不顕性露髄を疑って・・・

治療のやり直しは予定通りに進まないことが間々あります。

コンポジットレジンの下にむし歯が見えました。一回の治療で終えるつもりで治療を開始しましたが予想以上に深いむし歯で、神経まで行ってしまうんじゃ無いかとヒヤヒヤものでした。幸いそれは避けられたのですが見えない露髄(神経が露出すること)が怖いのと治療時間が長くなってしまったので、いちど仮の充填をして後日もう一度仕上げることにしました。

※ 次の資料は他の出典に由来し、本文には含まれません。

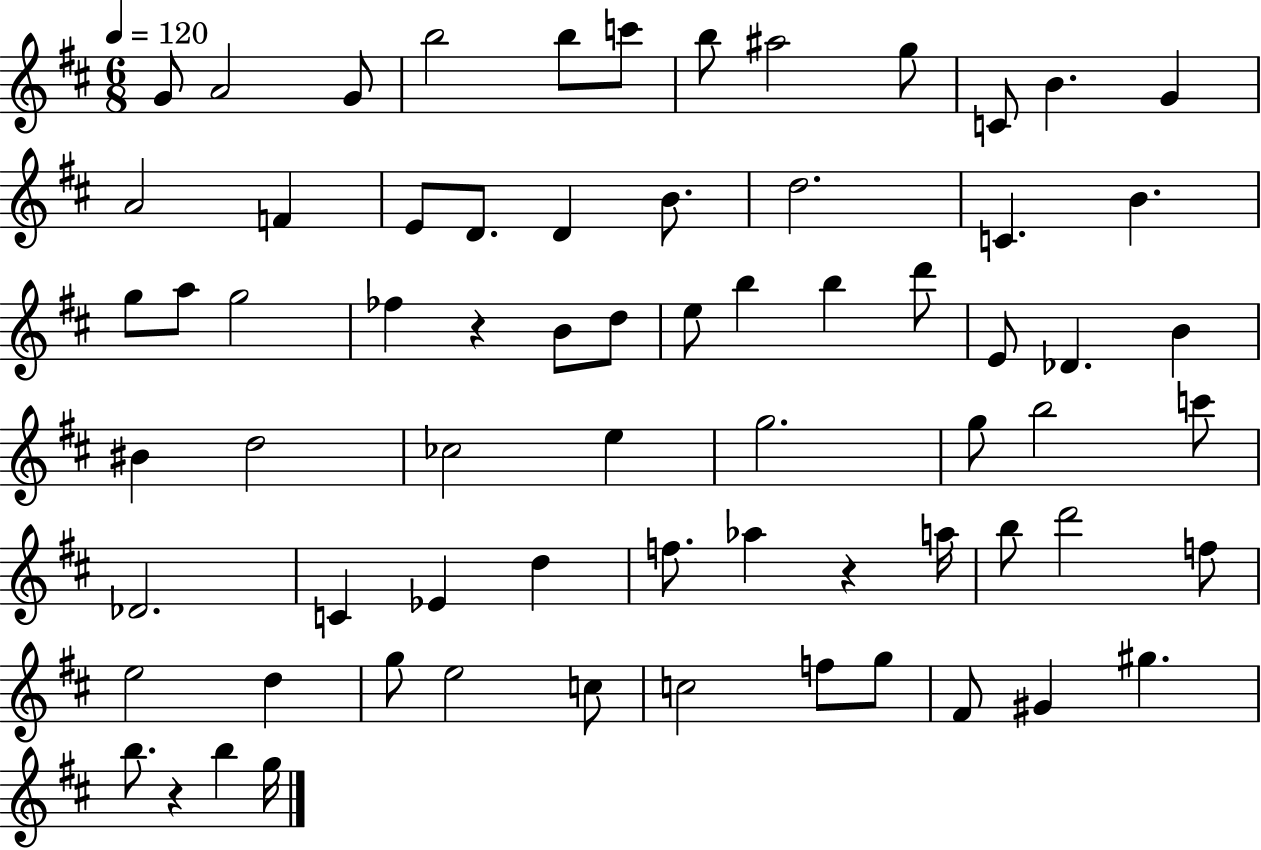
{
  \clef treble
  \numericTimeSignature
  \time 6/8
  \key d \major
  \tempo 4 = 120
  g'8 a'2 g'8 | b''2 b''8 c'''8 | b''8 ais''2 g''8 | c'8 b'4. g'4 | \break a'2 f'4 | e'8 d'8. d'4 b'8. | d''2. | c'4. b'4. | \break g''8 a''8 g''2 | fes''4 r4 b'8 d''8 | e''8 b''4 b''4 d'''8 | e'8 des'4. b'4 | \break bis'4 d''2 | ces''2 e''4 | g''2. | g''8 b''2 c'''8 | \break des'2. | c'4 ees'4 d''4 | f''8. aes''4 r4 a''16 | b''8 d'''2 f''8 | \break e''2 d''4 | g''8 e''2 c''8 | c''2 f''8 g''8 | fis'8 gis'4 gis''4. | \break b''8. r4 b''4 g''16 | \bar "|."
} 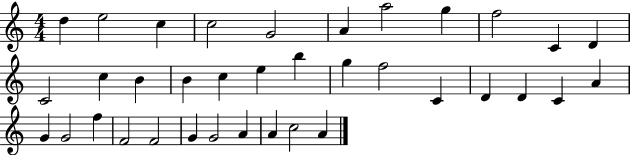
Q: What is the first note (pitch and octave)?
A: D5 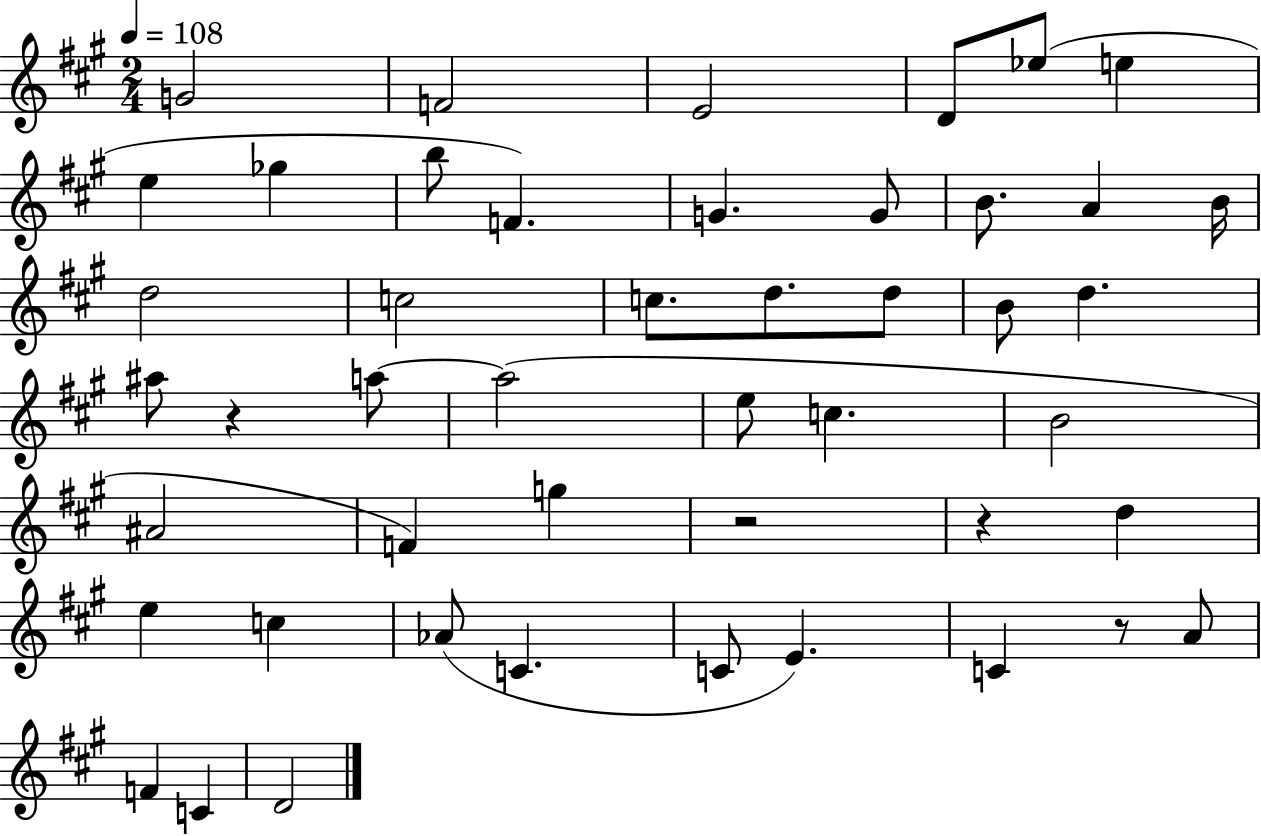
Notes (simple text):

G4/h F4/h E4/h D4/e Eb5/e E5/q E5/q Gb5/q B5/e F4/q. G4/q. G4/e B4/e. A4/q B4/s D5/h C5/h C5/e. D5/e. D5/e B4/e D5/q. A#5/e R/q A5/e A5/h E5/e C5/q. B4/h A#4/h F4/q G5/q R/h R/q D5/q E5/q C5/q Ab4/e C4/q. C4/e E4/q. C4/q R/e A4/e F4/q C4/q D4/h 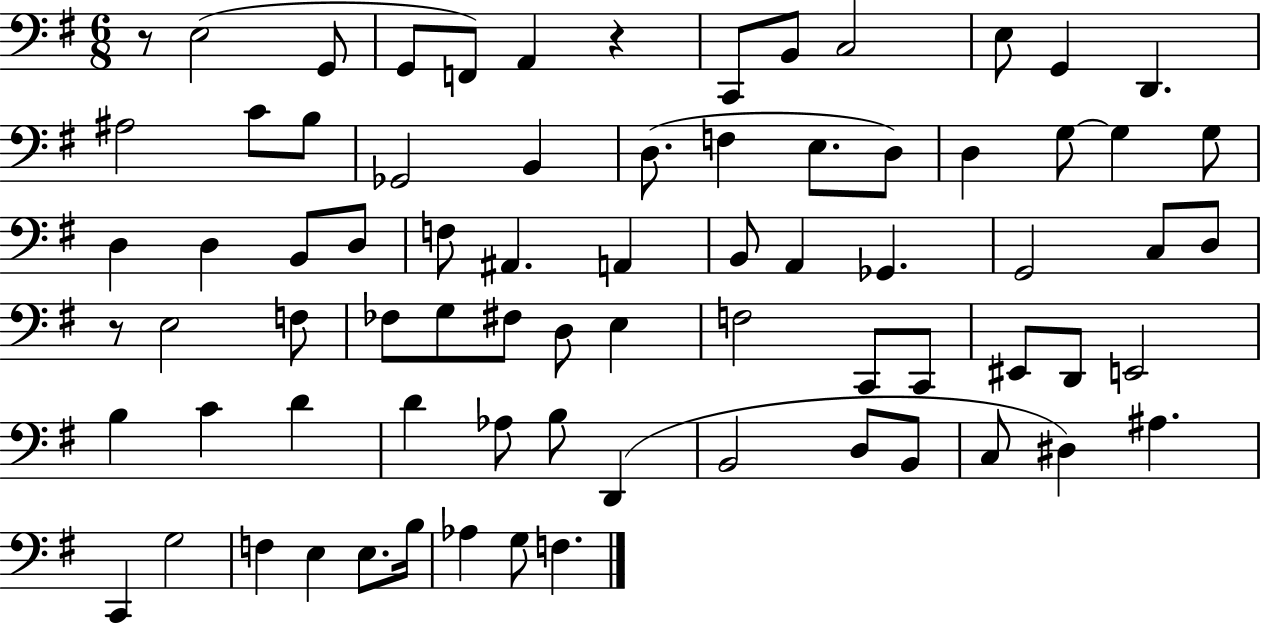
R/e E3/h G2/e G2/e F2/e A2/q R/q C2/e B2/e C3/h E3/e G2/q D2/q. A#3/h C4/e B3/e Gb2/h B2/q D3/e. F3/q E3/e. D3/e D3/q G3/e G3/q G3/e D3/q D3/q B2/e D3/e F3/e A#2/q. A2/q B2/e A2/q Gb2/q. G2/h C3/e D3/e R/e E3/h F3/e FES3/e G3/e F#3/e D3/e E3/q F3/h C2/e C2/e EIS2/e D2/e E2/h B3/q C4/q D4/q D4/q Ab3/e B3/e D2/q B2/h D3/e B2/e C3/e D#3/q A#3/q. C2/q G3/h F3/q E3/q E3/e. B3/s Ab3/q G3/e F3/q. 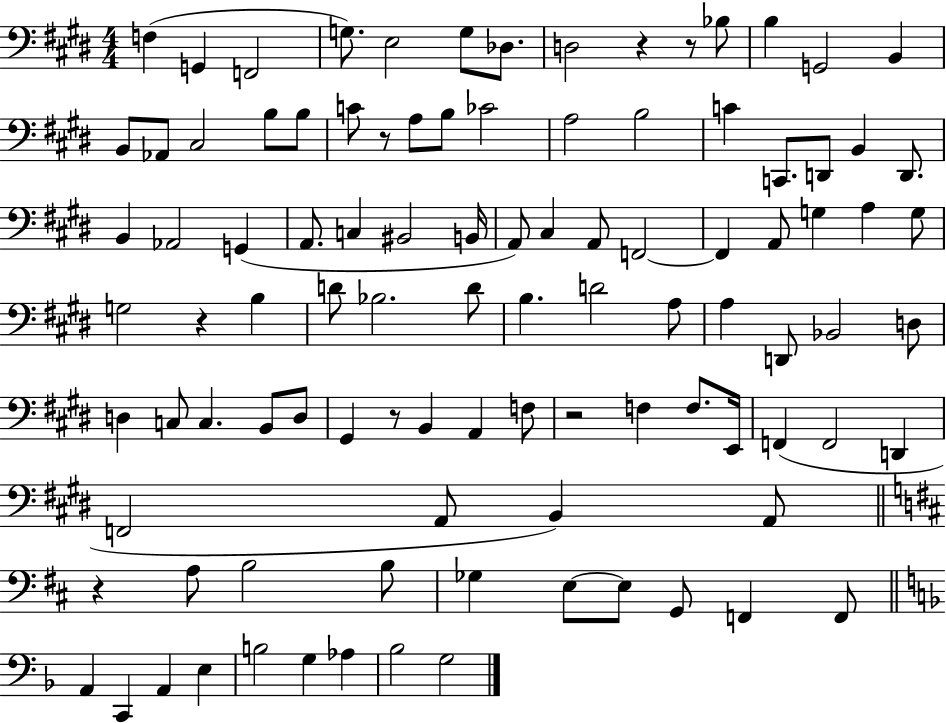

見えないというか、気がつかない露髄を不顕性露髄といいますが、その対応として怪しい部位をセラカルという覆髄材でカバーしました。幸い不快症状は発現しなかったので次は予定通り進められると思います。

前歯の真ん中の隙間を埋める

この治療は何度かこのブログに出てきますが今のところ取れてしまったというトラブルはありません。着手する前に「この治療のメリットは削らないことに尽きる。削る治療は外れるとむし歯になってしまうけれど、これは元に戻るだけ」と説明するので外れても患者さんが諦めて放置されているんじゃないかと思ったりもします。

むし歯を削って詰める治療は削った部分を残っている所と隙間無く移行的に詰め戻せば良いのですが、これは境界の無い部分に新たに形態を作る難しさがあります。まあよくよく見れば不自然ではあるんですが、そこまで誰も気にしないですね。